Fotografía de Luis Javier Maguiña (@luis.javier.dark)

17 de diciembre 2020

4 años, 4 meses, 4 presidentes: 4 apuntes sobre las movilizaciones en el Perú

por Lucero de Vivanco

Dicen los diccionarios de símbolos que el número cuatro representa una «totalidad mínima», un pequeño universo hecho de cuatro puntos cardinales, cuatro elementos, cuatro estaciones, cuatro edades de la vida. El cuatro le da al cuadrado su naturaleza existencial: cuatro lados y cuatro esquinas configuran su espacialidad severa, estática, limitada; una figura que ordena y pone fronteras al mundo; lo fija y lo determina. Desde este punto de vista, es útil pensar en la coincidencia del número cuatro y los acontecimientos recientes vividos en el Perú, pues nos permiten indagar en dichos acontecimientos no solo en sí mismos (su cuadratura), sino en tanto un pequeño microcosmos ejemplar, en el que los sucesos recientes se conectan con asuntos del pasado y traspasan, en este sentido, las barreras temporales que los enmarcan.

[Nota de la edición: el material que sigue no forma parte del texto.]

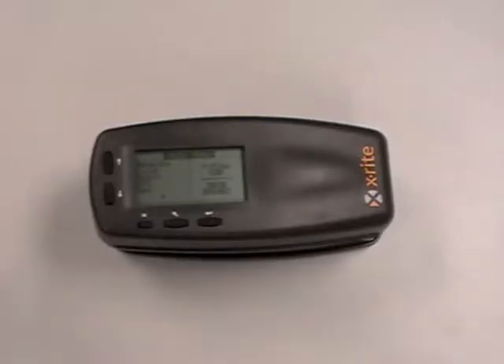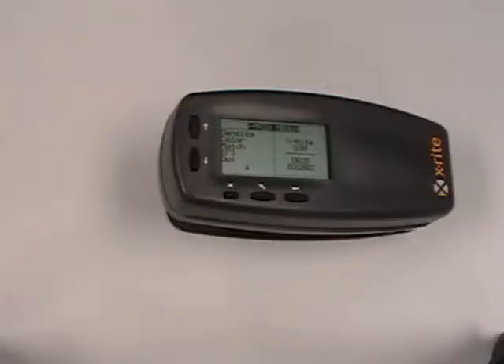Hello, this is Jason Hedgecock with X-Rite's Application Support Department. Today we're going to be discussing the 500 invalid measurement.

La trama lineal de la historia reciente comienza con Pedro Pablo Kuczynski, quien asume la presidencia en julio de 2016, hasta su renuncia en marzo de 2018, pocos días antes de empezar a ser investigado dentro del caso Odebrecht Perú. Lo sigue Martín Vizcarra, que logra estar en el puesto hasta el 9 de noviembre de 2020, fecha en la que fue vacado por un Congreso famélico de poder, por presunto caso de corrupción en un cargo político anterior. Durante su interinato, Vizcarra disuelve constitucionalmente el Congreso (de mayoría fujimorista) el 30 de septiembre de 2019. En enero de 2020, se elige uno nuevo para que complete el periodo constitucional del Congreso disuelto (mandato corto), el que asume el 16 de marzo de 2020. Desde el Congreso, Manuel Merino usurpa la presidencia al día siguiente de la vacancia de Vizcarra, para ser destituido por una ciudadanía plena de hartazgo solo cinco días después. El 16 de noviembre se vota en el Congreso una lista supuestamente “de consenso”, votación cuya única lista pierde, perdiéndose también la oportunidad de tener a la primera presidenta mujer, Rocío Silva-Santisteban, feminista, de izquierda y activista de derechos humanos. Finalmente (¿finalmente?), el 17 de noviembre asume Francisco Sagasti, quien tiene la no fácil tarea de mantenerse a la cabeza del gobierno hasta julio del 2021, cuando un nuevo ciclo se inicie tras elecciones generales en el mes de abril. Al mirar hacia atrás, el Perú contará en el relato de su historia que en el transcurso de cuatro años y cuatro meses, cuatro presidentes distintos se sucedieron en el antiguo sillón de Pizarro.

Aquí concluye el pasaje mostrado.